En aquel tiempo, se apareció Jesús a los Once y les dijo: «ld al mundo entero y proclamad el Evangelio a toda la creación. El que crea y se bautice se salvará; el que se resista a creer será condenado. A los que crean, les acompañarán estos signos: echarán demonios en mi nombre, hablarán lenguas nuevas, cogerán serpientes en sus manos y, si beben un veneno mortal, no les hará daño. Impondrán las manos a los enfermos, y quedarán sanos» (San Marcos 16, 15-18).
COMENTARIO
Todos tenemos la experiencia de que la felicidad en esta tierra siempre tiene “peros”. Quizás por ello vale la pena plantearse que cada uno somos responsables de nuestra propia felicidad y, leyendo este Evangelio, se deduce con gran certeza que lo que se necesita para ser feliz es conocer, tratar e imitar a Jesús -Dios verdadero, Hombre verdadero- cuyo atractivo no es solo su vida y su palabra, sino que ambas, que todo Él es amor. Lo que la felicidad implica no es una vida aislada, cómoda, sin dificultades ni contratiempos, sino un corazón enamorado. Así descubrieron los Once las ansias apostólicas y redentoras del Señor que les anima a proclamad la buena nueva al mundo entero y le abre horizontes de una grandeza insospechada.

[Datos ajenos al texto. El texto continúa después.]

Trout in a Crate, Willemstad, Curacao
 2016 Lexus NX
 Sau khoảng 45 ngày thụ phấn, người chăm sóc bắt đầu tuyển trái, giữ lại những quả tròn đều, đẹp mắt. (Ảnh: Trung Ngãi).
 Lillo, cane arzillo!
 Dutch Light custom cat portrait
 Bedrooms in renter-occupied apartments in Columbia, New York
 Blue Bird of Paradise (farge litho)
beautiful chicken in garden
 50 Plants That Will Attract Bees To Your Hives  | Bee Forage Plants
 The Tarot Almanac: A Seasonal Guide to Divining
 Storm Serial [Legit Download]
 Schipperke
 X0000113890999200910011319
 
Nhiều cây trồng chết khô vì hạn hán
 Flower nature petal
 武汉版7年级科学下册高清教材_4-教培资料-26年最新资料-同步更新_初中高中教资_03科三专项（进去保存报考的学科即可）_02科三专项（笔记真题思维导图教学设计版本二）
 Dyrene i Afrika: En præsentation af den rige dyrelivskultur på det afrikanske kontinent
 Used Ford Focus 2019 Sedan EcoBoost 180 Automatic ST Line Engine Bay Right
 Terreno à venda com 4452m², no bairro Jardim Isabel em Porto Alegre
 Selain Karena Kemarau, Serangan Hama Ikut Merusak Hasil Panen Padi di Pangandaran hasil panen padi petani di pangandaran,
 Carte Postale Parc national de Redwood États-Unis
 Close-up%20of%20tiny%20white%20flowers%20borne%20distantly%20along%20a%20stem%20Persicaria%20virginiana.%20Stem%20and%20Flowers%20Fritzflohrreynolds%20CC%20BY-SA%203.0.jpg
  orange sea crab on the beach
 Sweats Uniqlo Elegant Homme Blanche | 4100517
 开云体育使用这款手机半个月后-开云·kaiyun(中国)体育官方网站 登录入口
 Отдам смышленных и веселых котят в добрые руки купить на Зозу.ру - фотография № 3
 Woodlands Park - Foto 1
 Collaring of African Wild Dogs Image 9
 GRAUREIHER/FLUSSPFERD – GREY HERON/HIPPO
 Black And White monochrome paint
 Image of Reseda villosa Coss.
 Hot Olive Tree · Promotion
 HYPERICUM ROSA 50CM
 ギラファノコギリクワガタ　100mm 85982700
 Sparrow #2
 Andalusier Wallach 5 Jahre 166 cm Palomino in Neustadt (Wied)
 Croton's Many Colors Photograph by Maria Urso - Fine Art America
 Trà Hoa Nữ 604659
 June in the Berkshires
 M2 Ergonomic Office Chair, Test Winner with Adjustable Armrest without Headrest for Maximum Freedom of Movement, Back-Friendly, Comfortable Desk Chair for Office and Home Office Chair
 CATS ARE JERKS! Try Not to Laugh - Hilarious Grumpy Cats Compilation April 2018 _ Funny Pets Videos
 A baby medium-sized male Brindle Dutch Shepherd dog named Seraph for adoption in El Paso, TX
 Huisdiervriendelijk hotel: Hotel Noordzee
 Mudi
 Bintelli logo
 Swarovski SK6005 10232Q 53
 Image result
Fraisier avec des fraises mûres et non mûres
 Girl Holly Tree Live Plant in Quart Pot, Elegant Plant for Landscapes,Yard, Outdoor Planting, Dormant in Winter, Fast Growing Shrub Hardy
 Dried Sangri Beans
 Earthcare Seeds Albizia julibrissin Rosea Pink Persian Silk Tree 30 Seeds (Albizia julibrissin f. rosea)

Cuentan que ante una buena pintura se encontraban contemplándola un artista y un amigo; éste se aburría; por ello, el artista le dijo si ¡yo pudiera prestarte mis ojos!…, que camino tan bonito aprender a enfocar las cosas desde el amor, desde Dios, con lógica divina. Como decía en su oración San Josemaría “¡Que vea con tus ojos, Cristo mío, Jesús de mi alma!”.
Con esta actitud notaremos en nuestra vida la necesidad de ser humildemente audaces para ir proclamando el evangelio del reino, para pescar almas para el cielo, para agradecer con nuestra vida y con nuestra lucha la vocación, la llamada divina.